Pyramids, sarcophagi, mummies... they're the stuff of legends. Which kid didn't want to travel the world, uncovering hidden secrets and discovering buried treasures? At six, I was no different. It was a step further for me, however. I not only wanted to be knee-deep in jewels and gold, but also furiously excavating a booby-trapped tomb, translating hieroglyphics, and showing people the beauty of the ancient world. There was even a point in time where I insisted that I be mummified when I die. I was obsessed with history and archaeology.

2004 might have been the best year in my life. For four years, my mind had been colonized by Ancient Egypt. Everything I did in school, after school, and by myself was related to it somehow. Well, it was history in general, but Egypt held a special place. If the TV was on, it wasn't on Nickelodeon, but on the History Channel (this was before the days of "Ice Road Truckers" and "Ancient Aliens"). So on one fine day in 2004, my parents surprised me with something - a trip to Egypt, this December.

You can imagine my elation.

Now, I'm not known for my expressiveness, and even less so as a child. Some might have pegged me for a spoilt brat when I didn't jump with joy or run around the house squealing. But my parents knew me well enough to know that on the inside, I had died and gone to heaven.

Come December, our army of eight assembled in Cairo. We were in the land of the ancients. Masr, as they would have called it. The next 10 days were a dream come true. Cairo, Alexandria, Giza, Luxor, Memphis. Boats, cars, buses. Museums, hotels, shops. Camels, crocodiles, cats. Pyramids, tombs, ruins, temples. Gold, jewels, amulets, necklaces. Mummies, mummies, and mummies.

The funerary complex of Djoser, near the famous step pyramid at Saqqara
The day we left, my heart broke more than any woman could have. I had visited the past and in doing so, seen a glimpse into my future. My future as an archaeologist, a historian, a lover of all things old. I was going back to America, back to school, back to numbers and grammar, back to Tamil class and cricket coaching.

But I brought Egypt back with me. At six, it had embedded itself in my mind. Now, it was in my heart. And even today, 15 years later, it hasn't left.

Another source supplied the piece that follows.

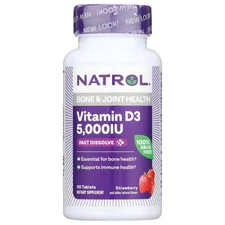 Natrol Vitamin D3 Fast Dissolve - Strawberry 5,000 Iu (125 mcg) 90 Tabs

The whole gang, assembled outside the Great Pyramids of Giza. Notice the blacker hairs and smaller bellies.
Things today, however, are quite different. I'm 21 now, fresh out of college. I can't travel to Egypt on a whim. Hell, I can just about get out of bed every morning. The dream of a life among the dead (erm... this sounds darker than it actually is) seems further and further away. Instead of a pile of books and documentaries on Ancient Egypt by my bedside, just a solitary laptop rests, its screen harshly illuminating the dark room. Of the 21 tabs open, 17 of them are related to job searches.  I'm not on campus any more - no friends 24/7, no food at the ready, and most of all, the dearest Xbox isn't with me any more. It's not an exciting period of life.

So you can probably understand my euphoria when, at the annual E3 games conference in LA, a video game set in Ancient Egypt is announced.

My eyes are bugging out, mouth slightly agape. Here I am, sitting in front of a puny 13" screen, watching a video game rendering of Ptolemaic-era Egypt. The developer on stage is talking about new gameplay mechanics, updated draw distances, and technical improvements. But I don't care. I couldn't care less about any of this right now. This could have the graphical capacity of a potato and I wouldn't care.

Assassin's Creed Origins, set in Ancient Egypt
Image courtesy of Ubisoft
All I'm seeing - no, all I'm feeling is that same feeling of awe and exhilaration as when I stepped out of Cairo airport in December of 2004. When the bumpy tour bus drove us out of the city and suddenly, like a tsunami breaching the coastline, the Pyramids of Giza emerged. When I skipped between the towering columns in the Temple of Luxor. When I entered the tomb of Tutankhamun and breathed in the air that had been sealed for thousands and thousands of years.

These few thousand lines of code reinvigorated a passion in me that I hadn't felt in a long time. I love history. I love archaeology. But it seems like the past few years had done its best to make me forget about this. Suddenly, I was alive again.

It has been drilled into our heads that television and video games are only good for dumbing down the mind. Maybe some of them are. But if a video game has the capacity to make me think, to draw my breath away, to allow me to relive my past and inspire me to pursue my dreams, and to - most of all - create magic... is it really a waste of time?